The owners of the tiny little corner shop in my street (who I might add provide an invaluable service to the community) charge $4.75 for 2 litres of milk. That's nearly $5!! For 2 litres!!
Oh, and there are three Mercedes Benz cars regularly parked in the driveway of the adjoining house. Don't tell me they're doing it tough.
The owner of the Dewsons Supermarket I used to work at would rant and rave about how hard done by he would be if trading hours were deregulated. Yet he managed to scrape enough of a living each week to afford a two-storey mansion in a beachside suburb with a 40-foot boat parked out the front of his house. Cry me a river.
Independent supermarkets, Woolworths and Coles have co-existed side by side on the Eastern States for years with deregulated trading hours. What makes WA so different?
6 years ago
4 comments:
I don't know exactly what is going on with ya'll over there but I'm with 100% of small business owners not looking at the situation logically. Sympathy is not worth $5/2L to me. Fuck that noise.
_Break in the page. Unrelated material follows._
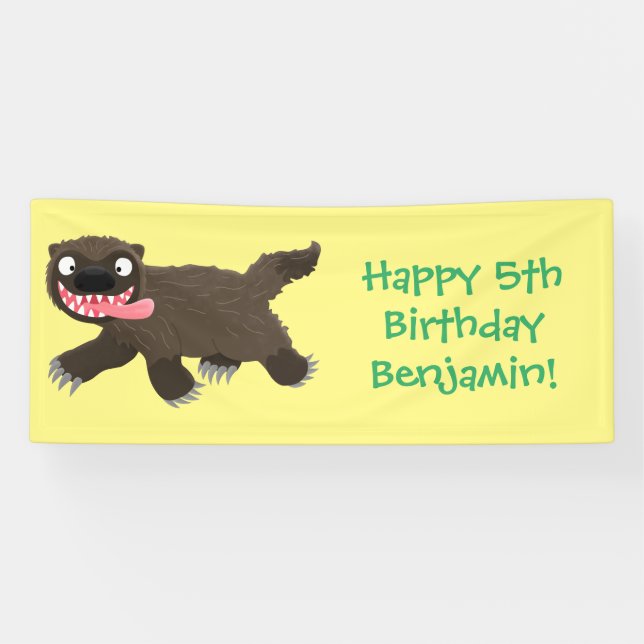 Funny hungry wolverine animal cartoon banner (Horizontal)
Must be a day for rants. Everything you say here is true, apart from the word "independent".
I agree, but what pisses me off about all this is that we voted on this didn't we... and the majority said no, but these dead beat pollies do what they like anyway. Why do we bother having referendums?
We had late night trading in Victoria about twenty years ago and the small business owners kept complaining up until it happened - then they stopped.
Where people would stay in their homes at night because "the shops were shut," they soon started venturing out during the evening and night after late night trading set in because the shops were open. It helped small businesses.
It was a mind-shift in the customers that made a difference. Let's see if WA can grasp the concept of a mind-shift.